You’re proud of the organizations you support, especially at this giving time of year.
But many women are drawn to do something more than give money: by starting a niche philanthropic project or group they’re passionate about.
Social entrepreneurship, as it’s called, can encompass everything from a corporation that embraces a certain cause to a small non-profit run by a woman in her community.
Stacy Francis founded Savvy Ladies, which offers free financial seminars for women in New York City, as a non-profit complement to her for-profit wealth advisory service. “I wanted all women,regardless of income, to have access to good advice,” she says.

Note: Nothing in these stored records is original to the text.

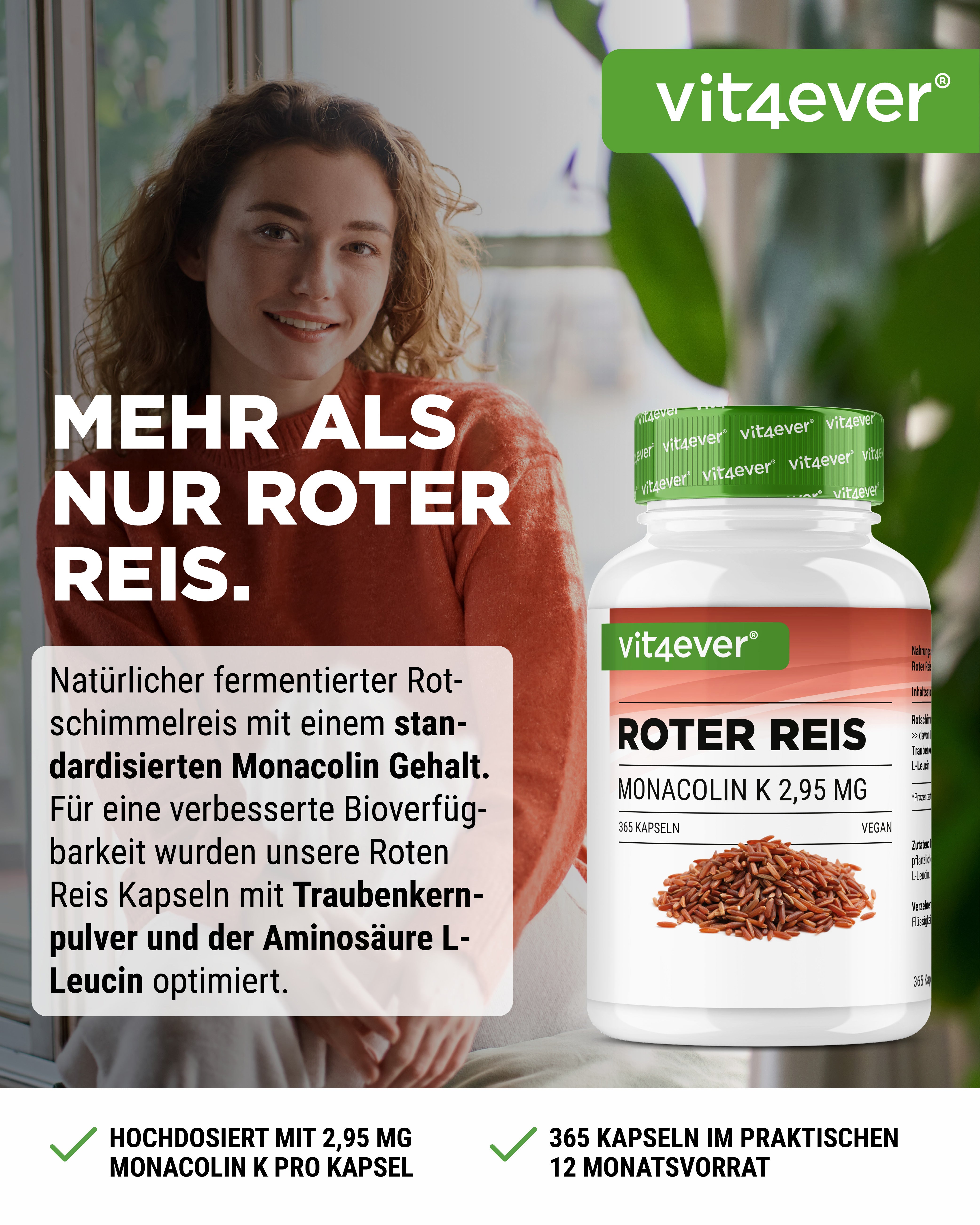 Estratto di riso rosso - 2,95 mg di monacolina K, 365 capsule
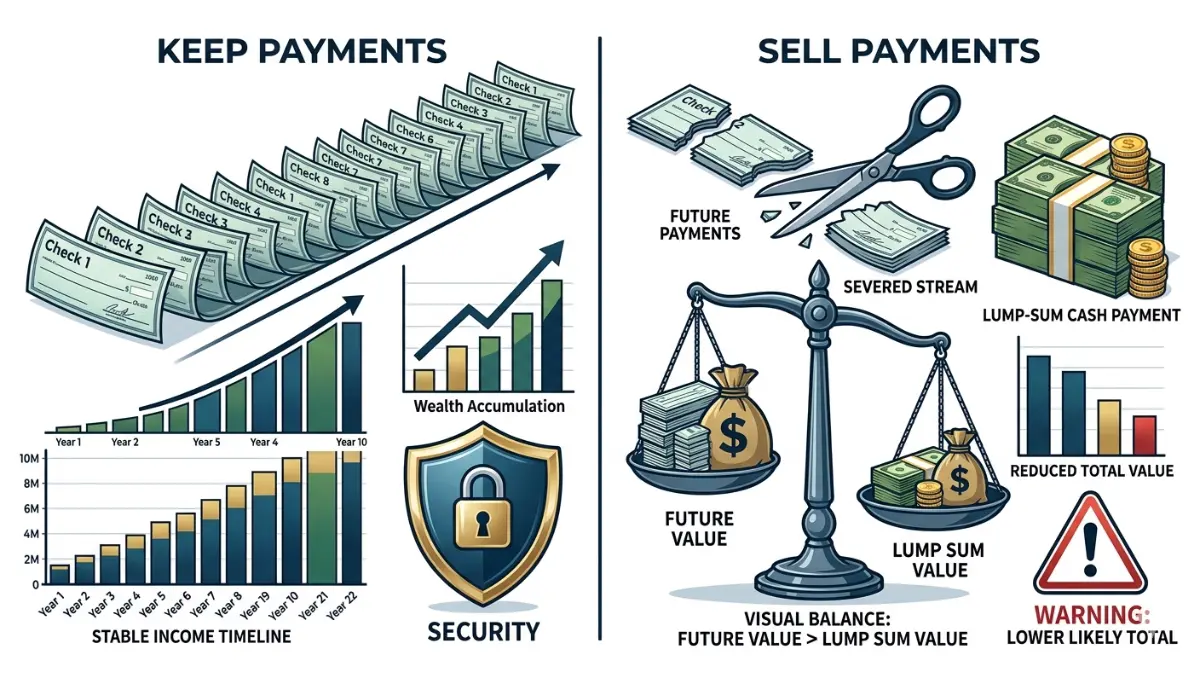Comparing keeping settlement payments versus selling them and the impact on long-term net worth
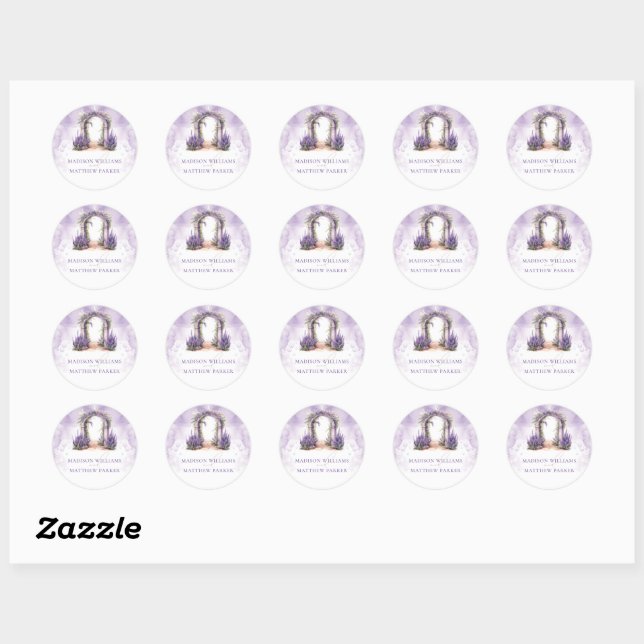 Personalised Lavender Arch Wedding Classic Round Sticker (Sheet)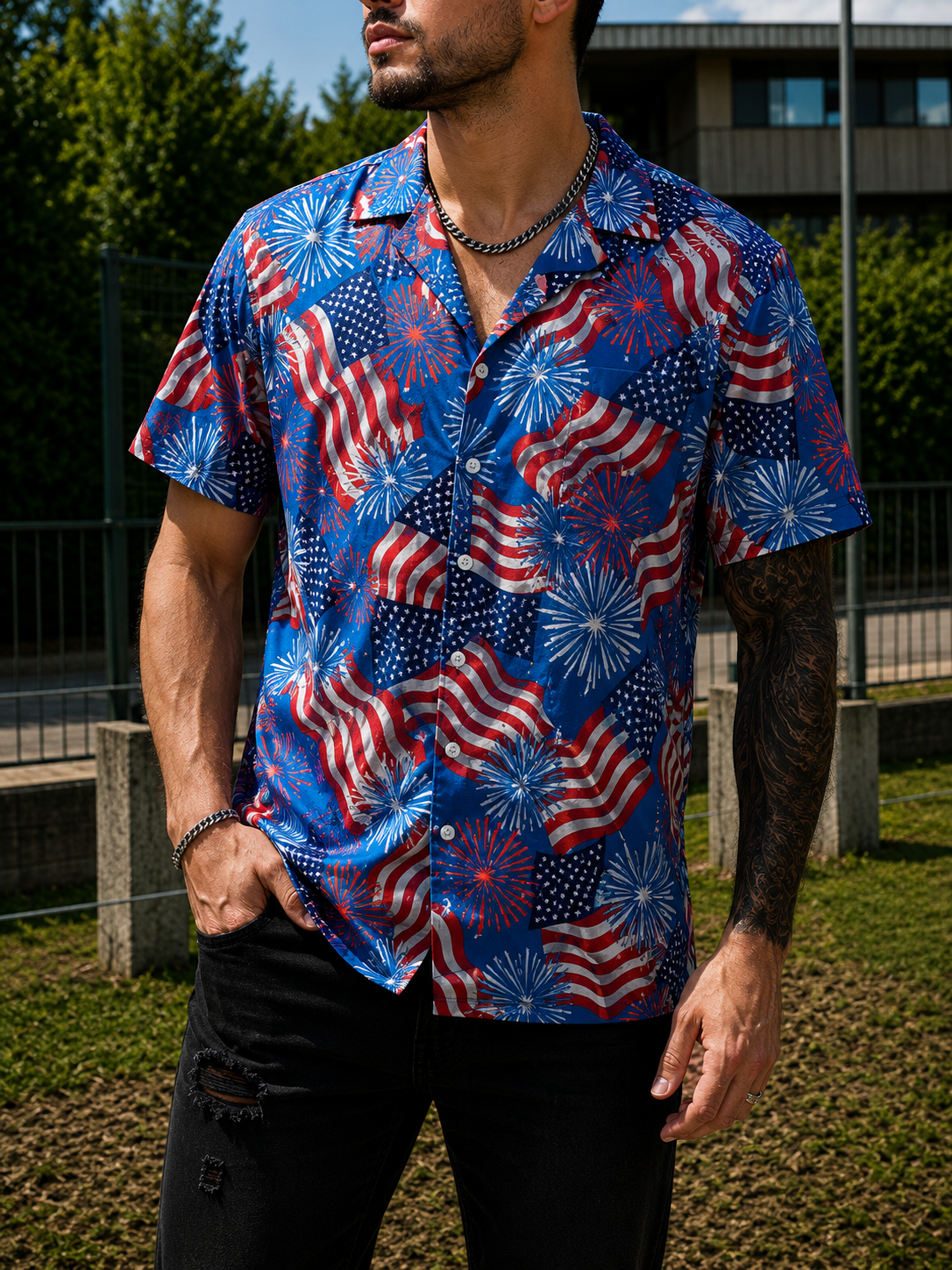 BLAKE | Men's American flag Hawaiian shirt camp collar World Cup fan plus size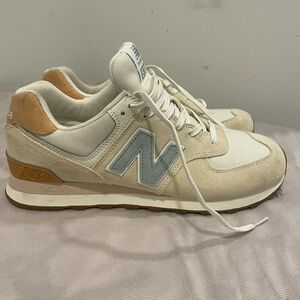 New Balance Men's Cream and Light Blue Sneakers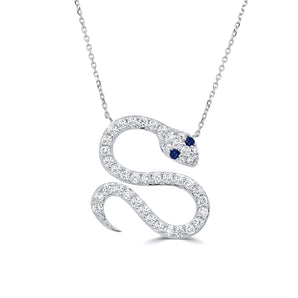 Diamond and Sapphire Snake Pendant 14K White Gold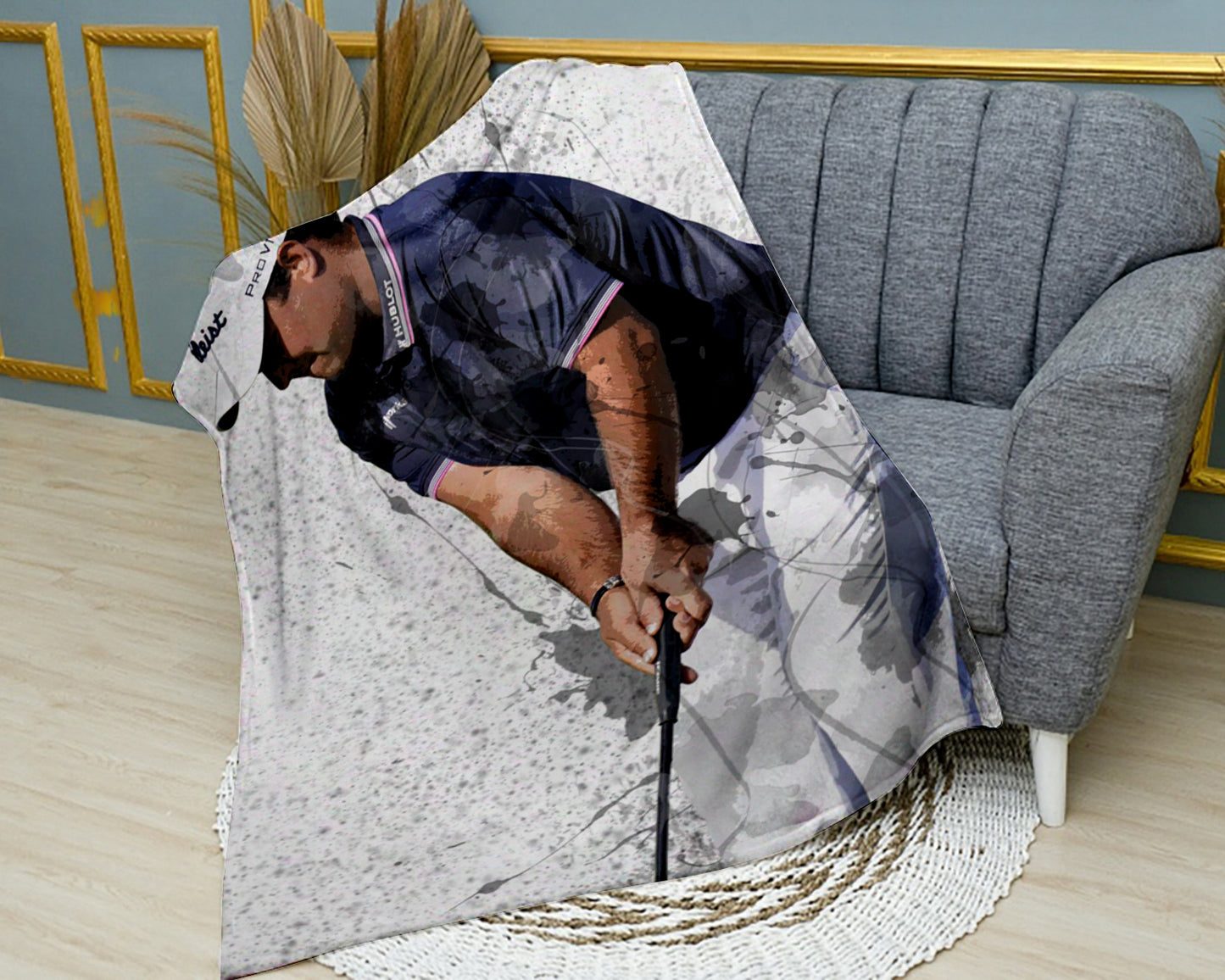 Patrick Reed Splash Effect Fleece Blanket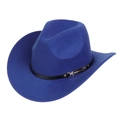 Classic cobalt blue western cowboy hat with black decorative band and silver buckle - M (56-58cm) / Royal Blue (169-H)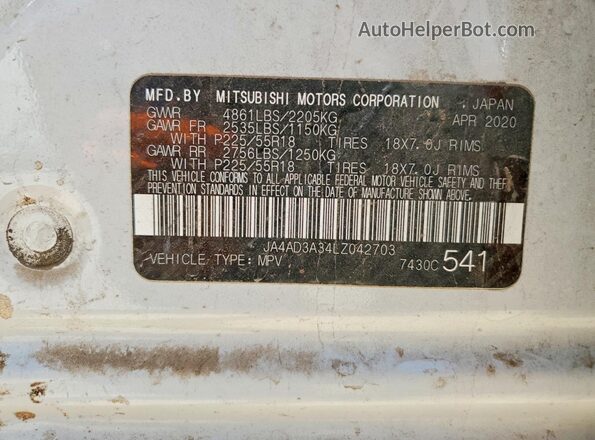 JA4AD3A34LZ042703 2020 MITSUBISHI OUTLANDER White VIN sticker view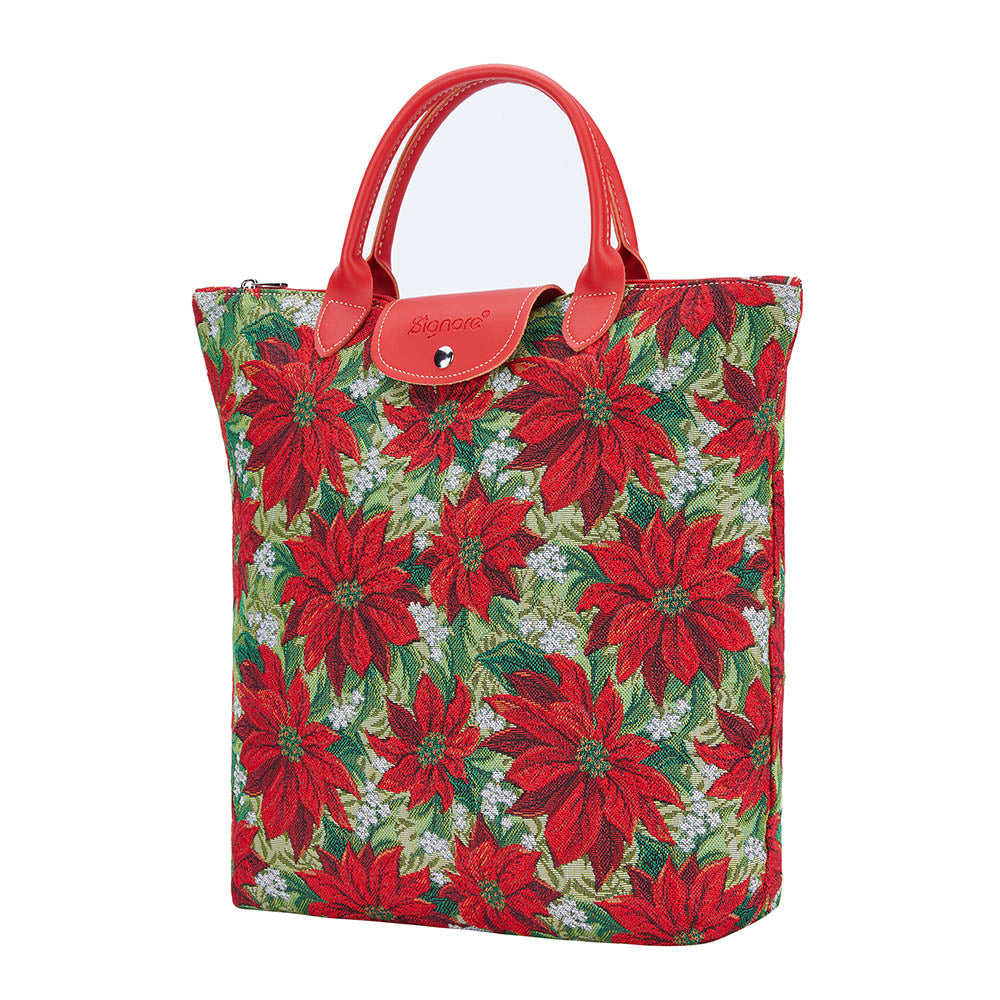 Xmas Poinsettias Red Foldaway Reusable Grocery Bag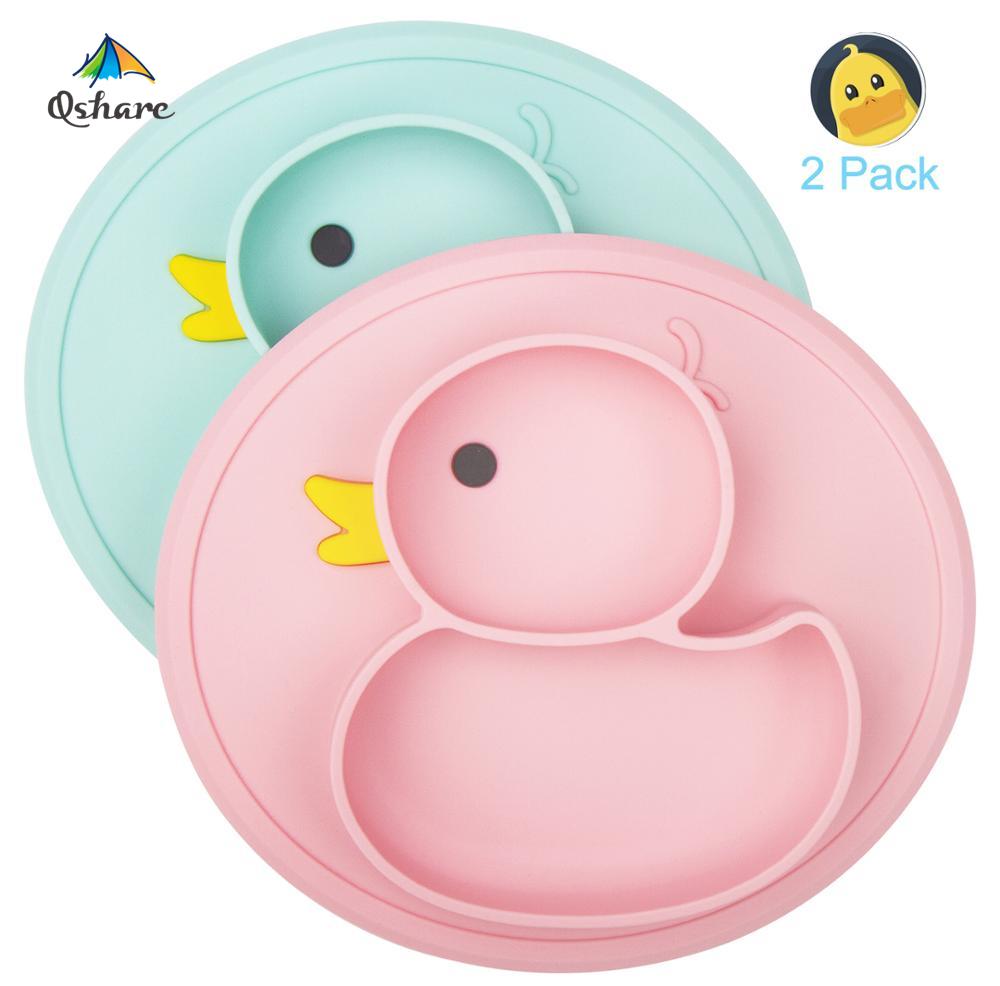 Qshare, 2 uds., platos para bebés, platos de pato, tapete de silicona, charola de succión, antideslizante, platos de comida para niños, platos de alimentación de frutas para bebés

In the nearly 10 years since Francis launched the Savvy Ladies, she’s learned a few things about starting—and running—your own social enterprise:
- Treat it like a business. Passion may drive you to launch a philanthropic project, but you still need a plan for sustaining it. Francis created a 50-page blueprint when she established her organization. (“It was more painful than giving birth,” says the mom of two.)
- Get help. The Small Business Administration helps non-profit efforts as well. And the Skoll Foundation can help a fledging operation with grant money.
- Build a team. The people you serve with your new philanthropy will come to rely on you—for money, time, services, etc. “Be sure you have the resources to come through,” Francis advises, either from volunteers, fundraising, or your own pocket.